Studio Junction worked within the 19-foot-wide building to create an apartment that, thanks to a clever layout, offers light and space despite being hemmed in on both sides. Finished with soap-treated Douglas fir floors, handmade oak shelving, and many products from Mjölk’s inventory, the dwelling offers a warm and very Scandinavian getaway from the bustling city. “A lot of people have trouble getting the human side of a home in contemporary buildings, and that’s what we admire most about these guys,” Baker says. That means lots of wood, materials that will acquire a patina over time, and an arrangement of rooms that emphasizes communal living.

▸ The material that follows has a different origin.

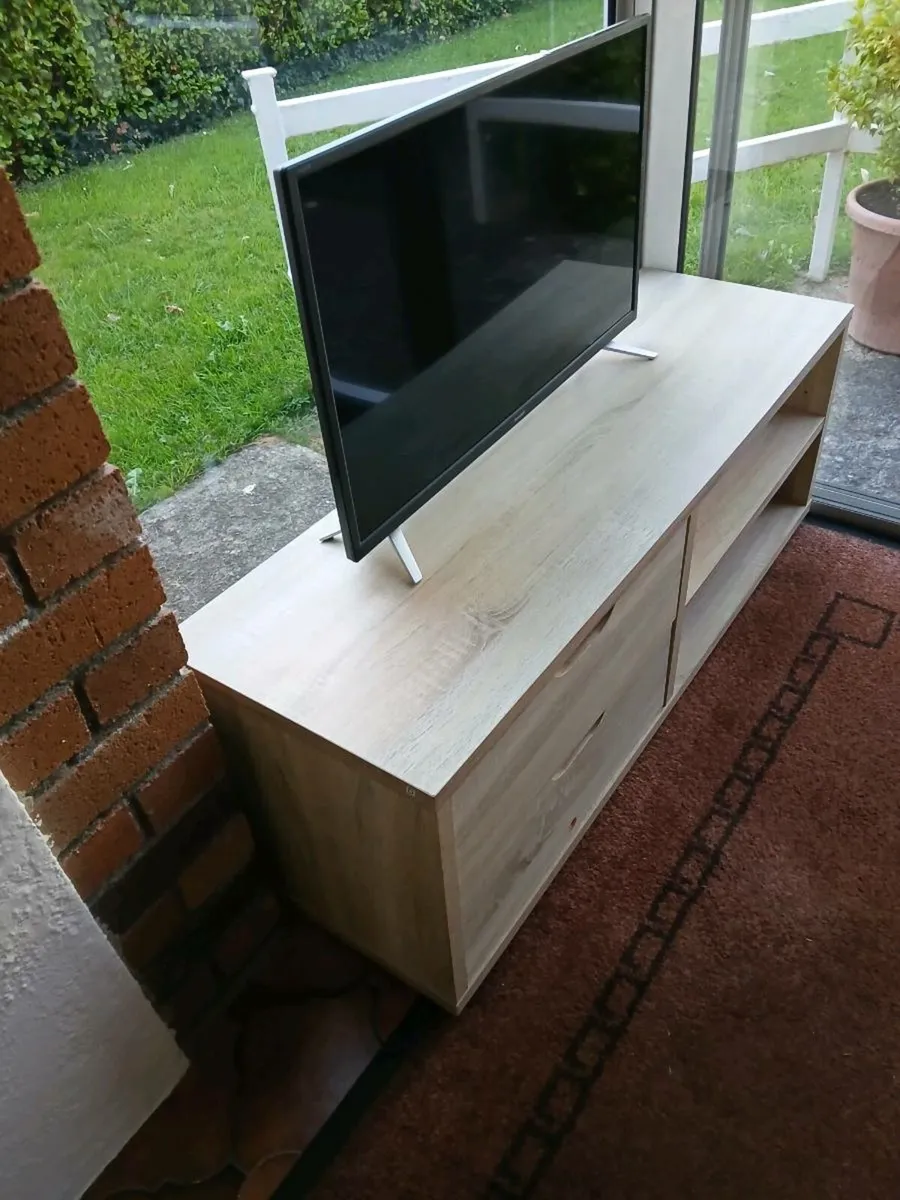 Tv stand. - Image 1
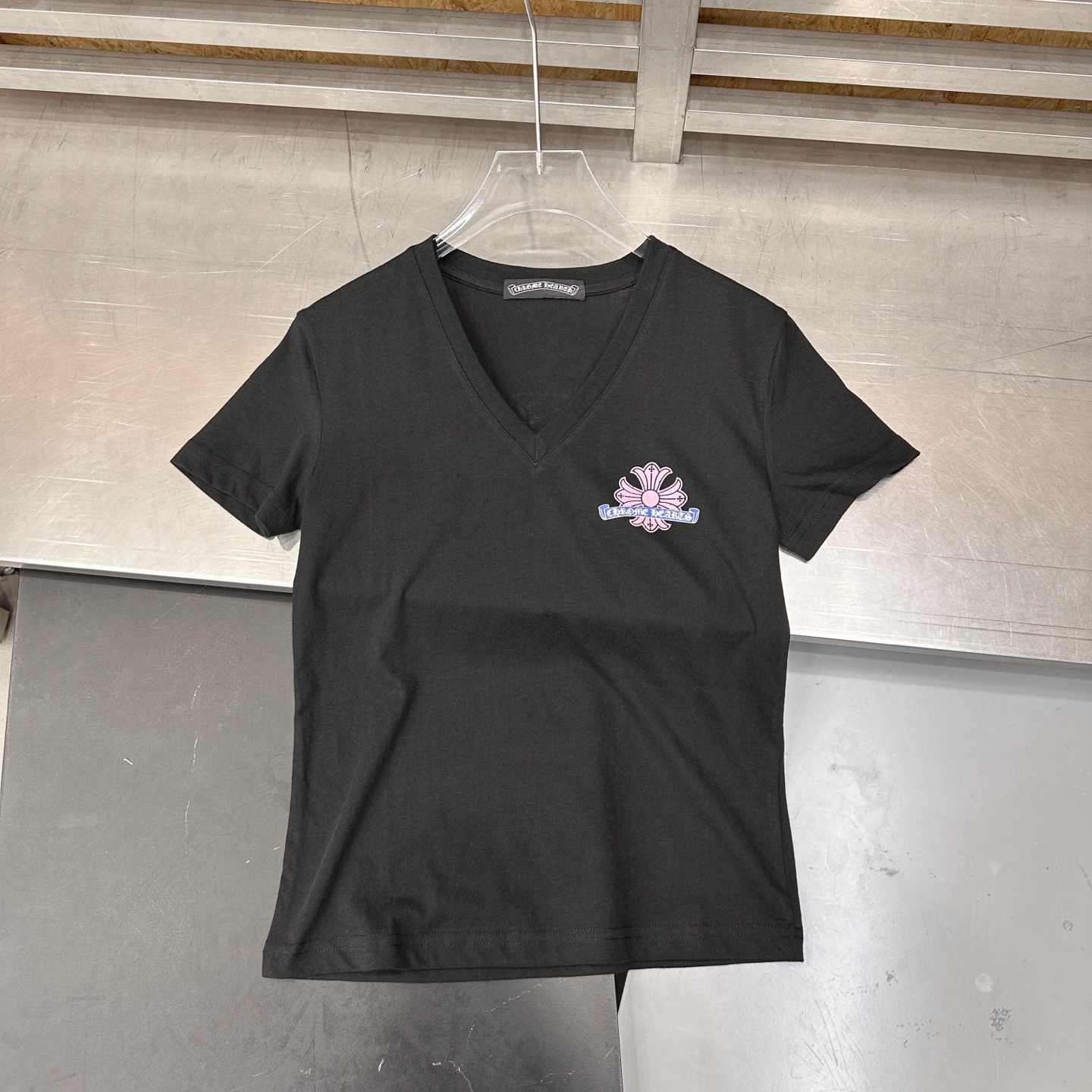克罗心 ｜ 新款短袖t，品牌经典印花标，全身多处彩色印花工艺，特别雪花棉面料，时尚休闲，尺码sml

The architects’ focus on communal living—particularly in an urban environment with children—led to some unusual choices for the floor plan. The public rooms were placed on the building’s third floor, the bedrooms on the middle level. A courtyard (the architects’ substitute for a backyard) was carved into the top floor between the kitchen and living room; it is lined on three sides with large, oak-framed windows, and provides outdoor space for Elodie to roam freely. “From any view—the kitchen, the living room—we can see Elodie,” Baker says. “She can be independent, and we know it’s a safe environment. In a house, often you need to be standing at the back door to see the kids.”
Baker and Daoust are committed to living in the home for a very long time. “It’s not like, in ten years, we’re going to redo our kitchen,” Daoust says with a laugh. “Our goal is to still be here in 40 years, and our house will look exactly the same.”